Bioabsorbable metallic vascular stents (BMVSs) are an innovative technological advancement in the medical engineering field of vascular implants. BMVSs have great potential to revolutionize vascular intervention, but the lack of understanding of the construction material’s natural corrosion within the body inhibits their use in clinical medicine. In this study, a corrosion function concept for in vivo implants was created to develop a multi-dimensional non-uniform corrosion model with a larger goal of simulating the mechanical integrity of BMVSs. This novel corrosion model simulates the corrosion rate and its effects on magnesium (Mg) alloy AZ31B and is based on continuum damage mechanics.

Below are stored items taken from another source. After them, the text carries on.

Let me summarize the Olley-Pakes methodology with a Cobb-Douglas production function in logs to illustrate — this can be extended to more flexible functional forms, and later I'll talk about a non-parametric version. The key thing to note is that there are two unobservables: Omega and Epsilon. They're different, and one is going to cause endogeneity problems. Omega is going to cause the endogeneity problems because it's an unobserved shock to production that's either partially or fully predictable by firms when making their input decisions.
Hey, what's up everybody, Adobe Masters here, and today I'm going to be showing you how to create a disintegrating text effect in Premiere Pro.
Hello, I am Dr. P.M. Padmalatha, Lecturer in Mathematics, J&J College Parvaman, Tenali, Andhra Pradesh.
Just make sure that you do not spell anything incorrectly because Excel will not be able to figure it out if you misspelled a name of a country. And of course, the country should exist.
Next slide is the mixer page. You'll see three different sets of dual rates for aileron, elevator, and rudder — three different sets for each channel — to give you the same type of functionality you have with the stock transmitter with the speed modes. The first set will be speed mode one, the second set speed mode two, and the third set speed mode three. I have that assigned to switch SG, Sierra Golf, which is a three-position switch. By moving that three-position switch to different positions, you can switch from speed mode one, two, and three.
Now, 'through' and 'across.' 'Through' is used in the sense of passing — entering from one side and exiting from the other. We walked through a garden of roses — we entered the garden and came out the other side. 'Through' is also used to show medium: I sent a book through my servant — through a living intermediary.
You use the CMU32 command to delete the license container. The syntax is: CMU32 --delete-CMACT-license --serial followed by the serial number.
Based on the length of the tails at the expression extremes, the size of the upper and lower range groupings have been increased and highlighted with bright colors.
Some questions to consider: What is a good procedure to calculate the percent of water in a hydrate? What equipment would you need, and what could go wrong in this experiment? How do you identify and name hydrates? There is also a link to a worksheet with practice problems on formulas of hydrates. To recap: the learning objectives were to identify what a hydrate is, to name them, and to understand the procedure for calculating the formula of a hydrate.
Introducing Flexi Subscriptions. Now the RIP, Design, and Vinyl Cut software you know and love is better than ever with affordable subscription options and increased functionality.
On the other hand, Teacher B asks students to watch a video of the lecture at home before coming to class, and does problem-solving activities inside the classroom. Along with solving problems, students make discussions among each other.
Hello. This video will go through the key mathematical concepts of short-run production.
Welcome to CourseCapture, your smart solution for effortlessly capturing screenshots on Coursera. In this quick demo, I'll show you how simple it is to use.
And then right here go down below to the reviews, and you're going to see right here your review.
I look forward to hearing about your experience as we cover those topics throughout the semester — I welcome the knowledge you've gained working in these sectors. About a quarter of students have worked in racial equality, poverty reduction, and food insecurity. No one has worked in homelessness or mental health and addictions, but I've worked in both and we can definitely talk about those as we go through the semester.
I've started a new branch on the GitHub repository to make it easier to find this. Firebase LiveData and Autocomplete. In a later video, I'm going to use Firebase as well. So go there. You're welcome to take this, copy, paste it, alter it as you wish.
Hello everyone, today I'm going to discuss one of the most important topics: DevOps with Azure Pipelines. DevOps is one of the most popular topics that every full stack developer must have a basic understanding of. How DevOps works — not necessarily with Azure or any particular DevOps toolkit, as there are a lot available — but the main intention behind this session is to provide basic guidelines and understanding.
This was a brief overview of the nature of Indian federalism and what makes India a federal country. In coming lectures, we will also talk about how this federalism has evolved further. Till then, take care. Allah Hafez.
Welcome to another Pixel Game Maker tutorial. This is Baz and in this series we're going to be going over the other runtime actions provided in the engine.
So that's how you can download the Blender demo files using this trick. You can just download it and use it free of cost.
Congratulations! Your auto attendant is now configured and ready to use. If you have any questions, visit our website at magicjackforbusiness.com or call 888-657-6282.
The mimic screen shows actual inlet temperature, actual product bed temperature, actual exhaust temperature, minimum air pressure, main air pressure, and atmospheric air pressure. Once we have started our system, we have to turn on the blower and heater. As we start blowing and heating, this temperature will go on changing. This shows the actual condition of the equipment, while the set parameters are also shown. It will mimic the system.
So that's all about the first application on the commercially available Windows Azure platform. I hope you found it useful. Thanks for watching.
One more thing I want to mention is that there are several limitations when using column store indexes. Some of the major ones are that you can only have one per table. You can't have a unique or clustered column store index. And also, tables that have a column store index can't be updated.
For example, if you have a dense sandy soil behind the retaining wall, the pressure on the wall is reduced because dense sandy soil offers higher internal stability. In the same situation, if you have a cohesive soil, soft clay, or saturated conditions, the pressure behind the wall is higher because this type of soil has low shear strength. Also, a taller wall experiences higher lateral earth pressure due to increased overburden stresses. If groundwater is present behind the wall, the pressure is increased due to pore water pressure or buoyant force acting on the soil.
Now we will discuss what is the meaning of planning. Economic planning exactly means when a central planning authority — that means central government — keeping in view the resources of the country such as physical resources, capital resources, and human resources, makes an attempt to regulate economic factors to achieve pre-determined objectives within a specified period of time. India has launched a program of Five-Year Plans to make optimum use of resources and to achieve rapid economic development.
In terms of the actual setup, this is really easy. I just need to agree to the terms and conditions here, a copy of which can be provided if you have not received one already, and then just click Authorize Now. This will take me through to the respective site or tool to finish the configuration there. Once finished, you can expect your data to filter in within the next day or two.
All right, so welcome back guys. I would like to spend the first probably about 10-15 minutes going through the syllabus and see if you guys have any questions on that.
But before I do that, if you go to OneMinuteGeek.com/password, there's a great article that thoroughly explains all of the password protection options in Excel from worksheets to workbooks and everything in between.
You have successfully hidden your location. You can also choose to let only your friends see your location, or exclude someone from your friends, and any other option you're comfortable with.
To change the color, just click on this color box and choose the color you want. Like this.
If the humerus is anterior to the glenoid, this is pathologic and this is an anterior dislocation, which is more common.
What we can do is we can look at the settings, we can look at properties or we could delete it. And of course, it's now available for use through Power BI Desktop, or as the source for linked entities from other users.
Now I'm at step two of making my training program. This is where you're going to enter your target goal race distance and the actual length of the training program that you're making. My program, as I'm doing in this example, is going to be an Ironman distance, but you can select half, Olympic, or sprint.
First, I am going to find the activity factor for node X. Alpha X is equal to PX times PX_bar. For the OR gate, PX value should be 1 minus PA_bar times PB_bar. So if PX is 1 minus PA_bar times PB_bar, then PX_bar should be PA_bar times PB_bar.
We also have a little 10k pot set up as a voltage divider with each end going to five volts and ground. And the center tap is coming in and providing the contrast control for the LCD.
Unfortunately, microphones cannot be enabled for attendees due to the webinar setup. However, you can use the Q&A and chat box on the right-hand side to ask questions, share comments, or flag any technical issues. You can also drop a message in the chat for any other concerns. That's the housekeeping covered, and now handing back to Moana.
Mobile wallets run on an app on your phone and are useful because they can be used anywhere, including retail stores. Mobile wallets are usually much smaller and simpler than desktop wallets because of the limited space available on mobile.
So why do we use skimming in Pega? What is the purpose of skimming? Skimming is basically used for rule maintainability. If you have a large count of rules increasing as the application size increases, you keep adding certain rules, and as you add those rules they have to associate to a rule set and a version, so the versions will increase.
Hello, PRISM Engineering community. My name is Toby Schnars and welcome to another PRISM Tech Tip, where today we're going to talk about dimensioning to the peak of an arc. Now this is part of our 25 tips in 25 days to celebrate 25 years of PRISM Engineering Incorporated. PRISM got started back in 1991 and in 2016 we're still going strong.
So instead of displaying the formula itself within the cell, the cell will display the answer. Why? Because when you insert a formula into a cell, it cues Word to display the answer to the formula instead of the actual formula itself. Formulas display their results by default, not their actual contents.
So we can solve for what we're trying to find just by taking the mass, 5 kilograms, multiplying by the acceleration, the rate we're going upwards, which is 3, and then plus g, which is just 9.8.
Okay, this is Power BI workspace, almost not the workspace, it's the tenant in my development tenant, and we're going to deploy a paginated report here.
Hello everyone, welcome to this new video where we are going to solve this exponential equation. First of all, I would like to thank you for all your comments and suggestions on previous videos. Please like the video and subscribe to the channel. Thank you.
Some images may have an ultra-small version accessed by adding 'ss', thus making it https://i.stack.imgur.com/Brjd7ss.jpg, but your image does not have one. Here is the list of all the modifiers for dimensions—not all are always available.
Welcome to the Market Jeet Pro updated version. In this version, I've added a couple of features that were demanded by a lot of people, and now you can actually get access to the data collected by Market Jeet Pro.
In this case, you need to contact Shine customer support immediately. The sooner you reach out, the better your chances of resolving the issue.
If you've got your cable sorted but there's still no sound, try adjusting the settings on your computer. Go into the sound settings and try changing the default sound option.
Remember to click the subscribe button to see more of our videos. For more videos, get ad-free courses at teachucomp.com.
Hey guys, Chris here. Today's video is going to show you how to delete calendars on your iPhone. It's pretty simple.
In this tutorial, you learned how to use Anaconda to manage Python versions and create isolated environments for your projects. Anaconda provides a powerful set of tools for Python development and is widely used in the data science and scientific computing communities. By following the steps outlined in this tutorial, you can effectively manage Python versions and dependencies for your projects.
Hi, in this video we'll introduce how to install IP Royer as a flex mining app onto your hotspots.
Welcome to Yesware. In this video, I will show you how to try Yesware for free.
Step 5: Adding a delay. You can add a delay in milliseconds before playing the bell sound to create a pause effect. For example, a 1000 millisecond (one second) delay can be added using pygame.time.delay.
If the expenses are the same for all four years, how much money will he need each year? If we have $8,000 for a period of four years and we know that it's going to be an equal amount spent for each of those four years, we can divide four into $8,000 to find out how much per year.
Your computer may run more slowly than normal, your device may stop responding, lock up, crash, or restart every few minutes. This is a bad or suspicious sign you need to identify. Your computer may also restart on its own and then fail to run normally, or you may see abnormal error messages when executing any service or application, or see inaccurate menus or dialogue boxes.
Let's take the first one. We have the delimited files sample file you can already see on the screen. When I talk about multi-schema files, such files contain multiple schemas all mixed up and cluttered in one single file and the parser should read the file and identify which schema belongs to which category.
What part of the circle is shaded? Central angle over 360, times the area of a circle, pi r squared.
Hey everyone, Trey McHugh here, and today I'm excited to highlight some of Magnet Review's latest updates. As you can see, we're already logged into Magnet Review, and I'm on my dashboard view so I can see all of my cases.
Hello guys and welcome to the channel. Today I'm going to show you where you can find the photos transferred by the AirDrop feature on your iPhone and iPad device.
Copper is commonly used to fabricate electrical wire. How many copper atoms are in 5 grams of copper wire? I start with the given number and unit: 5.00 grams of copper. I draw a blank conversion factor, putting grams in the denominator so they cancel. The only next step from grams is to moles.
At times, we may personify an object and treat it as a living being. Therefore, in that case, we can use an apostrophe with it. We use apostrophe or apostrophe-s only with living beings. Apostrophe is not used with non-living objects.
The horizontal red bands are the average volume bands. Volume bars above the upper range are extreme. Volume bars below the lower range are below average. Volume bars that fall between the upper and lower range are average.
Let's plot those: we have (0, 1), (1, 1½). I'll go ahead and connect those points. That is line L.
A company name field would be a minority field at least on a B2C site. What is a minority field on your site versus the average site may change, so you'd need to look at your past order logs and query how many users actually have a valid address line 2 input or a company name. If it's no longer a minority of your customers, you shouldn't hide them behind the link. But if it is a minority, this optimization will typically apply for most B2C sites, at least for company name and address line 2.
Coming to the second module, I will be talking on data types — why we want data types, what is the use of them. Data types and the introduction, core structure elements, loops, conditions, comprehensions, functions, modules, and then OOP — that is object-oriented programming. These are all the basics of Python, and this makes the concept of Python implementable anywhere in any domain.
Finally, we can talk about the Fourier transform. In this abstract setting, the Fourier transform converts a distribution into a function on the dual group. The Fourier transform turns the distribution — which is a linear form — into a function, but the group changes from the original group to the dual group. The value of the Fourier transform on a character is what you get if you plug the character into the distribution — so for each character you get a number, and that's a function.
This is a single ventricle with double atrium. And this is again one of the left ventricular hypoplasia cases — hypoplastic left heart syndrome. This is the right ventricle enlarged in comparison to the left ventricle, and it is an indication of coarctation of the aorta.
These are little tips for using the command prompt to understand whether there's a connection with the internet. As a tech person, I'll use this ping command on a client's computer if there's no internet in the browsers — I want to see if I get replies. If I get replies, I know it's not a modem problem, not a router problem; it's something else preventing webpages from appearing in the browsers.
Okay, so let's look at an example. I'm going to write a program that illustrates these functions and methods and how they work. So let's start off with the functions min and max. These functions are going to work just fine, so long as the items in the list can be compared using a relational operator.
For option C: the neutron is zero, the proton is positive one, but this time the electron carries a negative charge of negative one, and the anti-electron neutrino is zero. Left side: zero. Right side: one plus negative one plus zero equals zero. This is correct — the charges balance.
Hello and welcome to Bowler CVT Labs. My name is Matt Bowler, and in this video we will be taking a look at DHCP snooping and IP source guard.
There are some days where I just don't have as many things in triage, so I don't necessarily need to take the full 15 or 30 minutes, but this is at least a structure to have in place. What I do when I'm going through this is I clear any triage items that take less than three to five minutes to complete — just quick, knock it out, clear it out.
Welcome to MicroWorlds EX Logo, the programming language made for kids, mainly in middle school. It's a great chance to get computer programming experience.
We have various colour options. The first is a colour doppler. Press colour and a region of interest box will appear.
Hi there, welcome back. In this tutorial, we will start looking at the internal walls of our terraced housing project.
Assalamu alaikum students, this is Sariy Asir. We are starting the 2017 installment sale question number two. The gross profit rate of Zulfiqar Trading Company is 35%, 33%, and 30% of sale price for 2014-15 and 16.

The model was calibrated and validated by three experiments on the degradation of Mg alloy specimens. These experiments focused on multi-dimensional corrosion, mass loss rate, and mechanical integrity during the corrosion process. Lastly, in order to verify the applicability of the novel model, the resulting corrosion behaviors and mechanical characteristics of the BMVSs were implemented into a finite element framework to produce a complex, over-arching simulation of the BMVS’s in vivo degradation. The results of the experiments and simulations showed a proportional link between the corrosion of BMVSs and the number of exposed surfaces. A non-linear decline in mechanical integrity with increasing mass loss was also discovered through experimentation and modeling. Furthermore, the model and simulation can provide some details about changes in morphology and mechanics in BMVS corrosion. This work gives new insights into accurately modeling for BMVS degradation and can be used to optimize product development of BMVSs.